All of this is made even more clear by Glover himself, an artist who not only shows both films on his current tour of art houses, repertory theaters (like the great Historic Texas Theater where I saw him) and museums, but performs his unique slide show reading and then stays for a Q and A session. Both nights I saw him, Glover spent almost 4 and a half hours in total answering every question thrown his way... extremely ingratiating and welcoming... a bit rambling at times, but incredibly well meaning and honest. As one person asked, "what is it about his persona...a man who never plays it safe... that attracts generations of people to him?" After this two night event and his deep explanations covering everything from his early days of acting to the personal sacrifices he's made in bringing these films to audiences, Glover is even more so a man who never plays it safe. Which makes us like him even more.

Friday, February 07, 2014

The Paolo Sorrentino Files: This Must Be the Place

Alot of the malaise towards Paolo Sorrentino's 2011 film "This Must Be the Place" lay at the feet of Sean Penn in the starring role of Cheyenne.... a soft-spoken, almost child like ex-rock star who never quite outgrew the Robert Smith 1980's. It's such an offbeat, downright weird incarnation that a lot of people couldn't get past the interpretation.
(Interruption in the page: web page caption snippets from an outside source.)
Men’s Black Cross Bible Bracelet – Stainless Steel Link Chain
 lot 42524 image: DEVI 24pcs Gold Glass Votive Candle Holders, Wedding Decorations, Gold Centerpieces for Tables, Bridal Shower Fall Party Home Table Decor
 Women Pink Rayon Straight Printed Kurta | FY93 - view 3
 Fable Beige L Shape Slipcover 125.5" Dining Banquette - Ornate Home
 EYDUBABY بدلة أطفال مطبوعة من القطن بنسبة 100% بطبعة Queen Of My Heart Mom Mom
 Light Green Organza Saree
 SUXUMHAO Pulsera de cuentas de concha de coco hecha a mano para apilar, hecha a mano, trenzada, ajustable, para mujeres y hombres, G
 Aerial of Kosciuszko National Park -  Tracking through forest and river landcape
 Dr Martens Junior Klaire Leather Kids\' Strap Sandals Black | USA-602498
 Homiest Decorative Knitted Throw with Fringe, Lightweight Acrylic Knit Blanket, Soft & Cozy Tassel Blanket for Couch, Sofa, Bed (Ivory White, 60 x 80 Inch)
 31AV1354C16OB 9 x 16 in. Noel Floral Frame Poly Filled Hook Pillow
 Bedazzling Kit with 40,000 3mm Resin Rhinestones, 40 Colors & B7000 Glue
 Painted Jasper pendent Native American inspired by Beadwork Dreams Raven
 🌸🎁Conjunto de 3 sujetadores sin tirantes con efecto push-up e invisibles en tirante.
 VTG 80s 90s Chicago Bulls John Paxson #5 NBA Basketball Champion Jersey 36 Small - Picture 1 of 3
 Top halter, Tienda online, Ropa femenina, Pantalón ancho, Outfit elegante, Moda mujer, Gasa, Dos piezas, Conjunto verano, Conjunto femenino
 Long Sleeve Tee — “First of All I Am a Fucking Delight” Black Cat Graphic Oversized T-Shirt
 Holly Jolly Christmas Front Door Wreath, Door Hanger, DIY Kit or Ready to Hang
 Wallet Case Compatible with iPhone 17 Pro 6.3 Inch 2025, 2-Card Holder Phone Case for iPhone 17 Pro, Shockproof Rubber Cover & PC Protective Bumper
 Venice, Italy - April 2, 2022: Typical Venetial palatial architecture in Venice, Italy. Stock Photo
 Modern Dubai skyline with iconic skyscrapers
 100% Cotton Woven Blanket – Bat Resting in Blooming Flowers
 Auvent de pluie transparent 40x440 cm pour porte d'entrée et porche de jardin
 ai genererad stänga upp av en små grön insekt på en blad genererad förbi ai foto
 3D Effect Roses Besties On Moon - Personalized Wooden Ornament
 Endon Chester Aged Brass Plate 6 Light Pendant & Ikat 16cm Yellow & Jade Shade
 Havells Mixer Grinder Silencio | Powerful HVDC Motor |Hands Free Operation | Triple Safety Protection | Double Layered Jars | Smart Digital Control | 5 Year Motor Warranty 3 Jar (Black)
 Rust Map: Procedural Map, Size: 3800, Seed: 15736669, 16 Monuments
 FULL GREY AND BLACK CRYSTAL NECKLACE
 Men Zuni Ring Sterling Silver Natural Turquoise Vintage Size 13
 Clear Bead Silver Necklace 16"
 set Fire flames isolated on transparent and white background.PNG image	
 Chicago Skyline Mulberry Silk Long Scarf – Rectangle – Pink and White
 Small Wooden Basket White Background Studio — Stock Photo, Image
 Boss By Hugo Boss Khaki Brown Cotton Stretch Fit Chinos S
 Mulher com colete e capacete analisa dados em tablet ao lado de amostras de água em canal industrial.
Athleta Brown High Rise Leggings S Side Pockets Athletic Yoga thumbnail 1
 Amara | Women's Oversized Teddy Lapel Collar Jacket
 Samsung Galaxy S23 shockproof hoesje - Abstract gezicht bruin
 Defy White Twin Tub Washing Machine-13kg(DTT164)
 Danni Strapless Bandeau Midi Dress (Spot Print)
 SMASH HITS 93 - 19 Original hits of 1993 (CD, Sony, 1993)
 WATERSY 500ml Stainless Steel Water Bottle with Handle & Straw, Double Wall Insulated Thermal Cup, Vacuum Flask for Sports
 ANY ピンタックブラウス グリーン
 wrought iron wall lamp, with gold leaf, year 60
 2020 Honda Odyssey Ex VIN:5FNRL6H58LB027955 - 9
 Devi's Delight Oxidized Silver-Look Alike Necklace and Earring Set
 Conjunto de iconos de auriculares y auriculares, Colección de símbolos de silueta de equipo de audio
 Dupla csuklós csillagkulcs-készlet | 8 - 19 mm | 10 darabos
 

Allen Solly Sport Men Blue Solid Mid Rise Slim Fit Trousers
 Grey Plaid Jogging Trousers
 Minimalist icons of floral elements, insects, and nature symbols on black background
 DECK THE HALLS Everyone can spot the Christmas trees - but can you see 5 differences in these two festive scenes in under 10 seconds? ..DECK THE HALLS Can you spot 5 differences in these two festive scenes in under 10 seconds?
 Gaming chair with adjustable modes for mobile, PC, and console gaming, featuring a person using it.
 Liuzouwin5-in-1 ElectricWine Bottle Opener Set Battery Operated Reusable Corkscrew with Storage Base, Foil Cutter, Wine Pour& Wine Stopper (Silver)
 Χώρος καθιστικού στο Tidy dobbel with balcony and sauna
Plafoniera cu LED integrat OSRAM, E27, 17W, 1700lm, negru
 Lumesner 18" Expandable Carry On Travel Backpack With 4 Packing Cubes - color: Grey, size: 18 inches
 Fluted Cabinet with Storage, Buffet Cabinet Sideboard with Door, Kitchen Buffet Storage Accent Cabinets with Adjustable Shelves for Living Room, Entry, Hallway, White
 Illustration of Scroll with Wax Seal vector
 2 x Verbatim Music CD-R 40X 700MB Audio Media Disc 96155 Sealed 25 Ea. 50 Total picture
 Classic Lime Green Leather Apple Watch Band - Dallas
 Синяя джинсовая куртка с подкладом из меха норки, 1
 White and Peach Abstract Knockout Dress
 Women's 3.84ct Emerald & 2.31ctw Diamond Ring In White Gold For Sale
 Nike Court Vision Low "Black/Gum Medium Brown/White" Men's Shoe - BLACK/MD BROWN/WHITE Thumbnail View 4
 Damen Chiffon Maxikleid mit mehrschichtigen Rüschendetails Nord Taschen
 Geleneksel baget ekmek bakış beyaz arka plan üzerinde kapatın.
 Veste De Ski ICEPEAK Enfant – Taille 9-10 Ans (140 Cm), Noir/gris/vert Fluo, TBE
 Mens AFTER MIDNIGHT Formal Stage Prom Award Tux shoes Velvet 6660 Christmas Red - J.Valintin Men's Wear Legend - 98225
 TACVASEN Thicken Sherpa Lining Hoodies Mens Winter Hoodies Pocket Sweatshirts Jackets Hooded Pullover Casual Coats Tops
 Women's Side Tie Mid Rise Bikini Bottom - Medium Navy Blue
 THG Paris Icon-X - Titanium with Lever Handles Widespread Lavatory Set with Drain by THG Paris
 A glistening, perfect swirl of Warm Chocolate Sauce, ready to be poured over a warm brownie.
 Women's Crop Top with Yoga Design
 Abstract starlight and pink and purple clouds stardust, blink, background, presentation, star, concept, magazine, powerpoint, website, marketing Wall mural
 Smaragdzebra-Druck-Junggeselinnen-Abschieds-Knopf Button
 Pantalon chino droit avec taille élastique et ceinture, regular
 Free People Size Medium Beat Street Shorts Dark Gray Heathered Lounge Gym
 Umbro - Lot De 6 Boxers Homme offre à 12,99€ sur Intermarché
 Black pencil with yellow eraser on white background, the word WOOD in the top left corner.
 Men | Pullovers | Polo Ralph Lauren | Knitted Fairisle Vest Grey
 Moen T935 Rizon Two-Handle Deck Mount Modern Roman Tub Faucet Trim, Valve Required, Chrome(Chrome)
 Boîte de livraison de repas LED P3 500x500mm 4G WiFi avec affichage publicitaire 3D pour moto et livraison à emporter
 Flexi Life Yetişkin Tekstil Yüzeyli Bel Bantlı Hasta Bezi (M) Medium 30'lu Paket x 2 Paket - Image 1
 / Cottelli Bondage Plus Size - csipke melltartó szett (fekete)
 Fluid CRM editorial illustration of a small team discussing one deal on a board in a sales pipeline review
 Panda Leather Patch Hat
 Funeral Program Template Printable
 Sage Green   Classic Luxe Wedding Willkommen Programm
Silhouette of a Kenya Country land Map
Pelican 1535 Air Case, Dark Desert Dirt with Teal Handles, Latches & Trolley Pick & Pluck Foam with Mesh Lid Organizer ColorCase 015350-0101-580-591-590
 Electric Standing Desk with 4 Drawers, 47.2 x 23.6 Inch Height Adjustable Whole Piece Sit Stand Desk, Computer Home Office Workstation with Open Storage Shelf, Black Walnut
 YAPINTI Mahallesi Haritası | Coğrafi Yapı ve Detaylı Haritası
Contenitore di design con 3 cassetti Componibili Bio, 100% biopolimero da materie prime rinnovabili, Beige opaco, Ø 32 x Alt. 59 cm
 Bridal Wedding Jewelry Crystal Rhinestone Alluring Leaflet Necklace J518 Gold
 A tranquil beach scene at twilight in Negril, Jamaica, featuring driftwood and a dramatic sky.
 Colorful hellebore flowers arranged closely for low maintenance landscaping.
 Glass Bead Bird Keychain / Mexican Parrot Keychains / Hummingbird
While I do admit that it took me a good portion of the film to buy into the character myself, when it finally happened (sometime when his travels take him to New Mexico) I became swept away by the sheer energy and originality of Sorrentino and Penn's vision of a broken man-child trying to alleviate the torments of a father.

The synopsis of "This Must Be the Place" sounds just as loony as Penn's emo-rocker portrayal. Living an invisible life in Ireland, married to Frances McDormand, Cheyenne (Penn) seems to only have one friend, young goth rock fan Mary (Eve Hewson). Acting like an older brother, there's also the strange relationship with an older woman, traumatized by some past event that Cheyenne might be involved in. Wandering through his life aimlessly, Cheyenne is notified that his father has died in New York. Once back home, we learn Cheyenne is from a wealthy Jewish family and the stories of his father's time, tortured and humiliated, in a Nazi concentration camp come to light. There begins Cheyenne's journey across America to hunt down the supposed Nazi officer, stopping for several surreal experiences along the way that Italian director Sorrentino is so adept at tossing our direction.

One thing is crystal clear after two Sorrentino films.... this is a filmmaker working on a much more ethereal level than others out there right now. After his masterpiece "The Great Beauty" last year, "This Must Be the Place" serves as an appealing appetizer to that great work. Both films feature a roving, imaginative camera that glimpses the sudden beauty of mankind in breathtaking snatches. For example, when Cheyenne finally returns to his wife, played by Frances McDormand, we Sorrentino shows us a brief cut of her dropping a bag of groceries and running across the lawn towards the camera. It's through our intuition that we piece this together as her joyous reunion with her globe-trotting husband. Then there's the magical animal moment in which a bison slowly appears outside the window of Cheyenne... an event that mimics the grand giraffe metaphor in "The Great Beauty". Sorrentino may be accused of many things, but his ability to levitate striking moments of human connection to the small wonders around them is solemnly in his grasp. Even the tense final meeting between son and tormenter is handled in such an original, thought-provoking way that we completely understand the final transformation Cheyenne undergoes. "This Must Be the Place" finds great beauty in the horrors of the past and comes out unscathed and even a bit happy.